A voice broke through his reverie. He turned to see her riding towards him, her white hair sitting very well with the vibrant blue of her eyes.
She was, but a splash of colour against the muted greens and greys of the landscape. He smiled, a genuine smile that reached his eyes, crinkling the corners with a warmth that had been absent for years that had felt like centuries now.
"Something like that," he replied, his voice rough with disuse.
She laughed, a sound as bright and clear as a bird's song. "You'll be dreaming your life away if you're not careful," she said, her words barely audible over the rising wind. "The bleak midwinter has long ended."
"But…" The man's scorched hand never left the golden hilted sword strapped to his hip.
She smiled beautifully. "Come on, … A…m…"
Her voice trailed off, the last syllable of his name lost in a sudden gust that whipped across the plains.
The world was tilting, spinning, accelerating at a dizzying speed. The green around him blurred, then browned, then vanished beneath a blanket of white. The sun became a streak of fire across the sky, days and nights blended into an indistinguishable blur.
A pair of eyes, unchanged, envisioned—or rather, saw—mountains rise and fall, forests bloom and wither, rivers change their course. Everything fell into a potion of temporariness, with "change" being the sole eternal concept being left behind.

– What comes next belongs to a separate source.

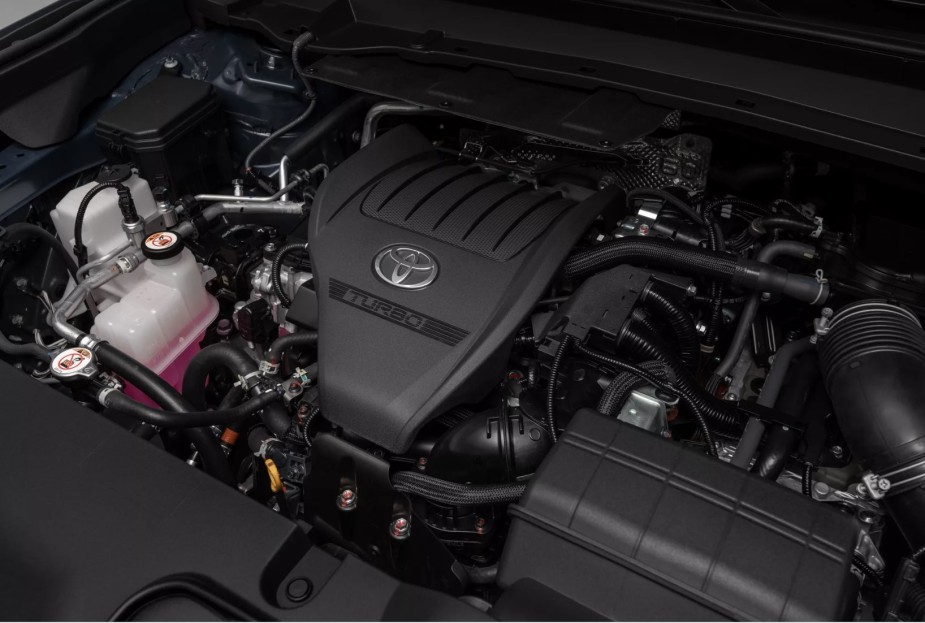 Toyota Grand Highlander engine from 2024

The sensation in the dream-like state felt like a leaf caught in a whirlwind, powerless to resist the forces that were pulling him along. Like a whirlpool.
The man felt his heartbeat quicken. Beating, constantly beating in his ears. Until it was all he could hear.
And then, just as suddenly as it began, it stopped.
"He" blinked, his eyes adjusting to the harsh fluorescent light that filled the space. The scent of shampoo and stale coffee was strong around him. "He" was slumped against a cosy pillow, a textbook open in front of "him", the words swimming like worms before "his" eyes.
"Arthur! Are you even listening?"
The girl's voice was sharp, impatient. The boy looked up, startled, his mind still reeling from the visions that had just filled "his" head.
"Ah…sorry…" he mumbled, rubbing his eyes. "Just… spaced out for a minute."
He glanced back at the textbook, at the diagram of the human brain, and a shiver ran down his spine. The sensation of touching eternity was fresh behind Arthur's pale grey eyes.
He shook his head that felt as heavy as lead. It had been a long and tiring journey after all.
The road journey from Hammerfest of Troms og Finnmark—Northern Norway—to Oslo, extending for about 1,520 kilometres, was much more mentally draining than one would have thought.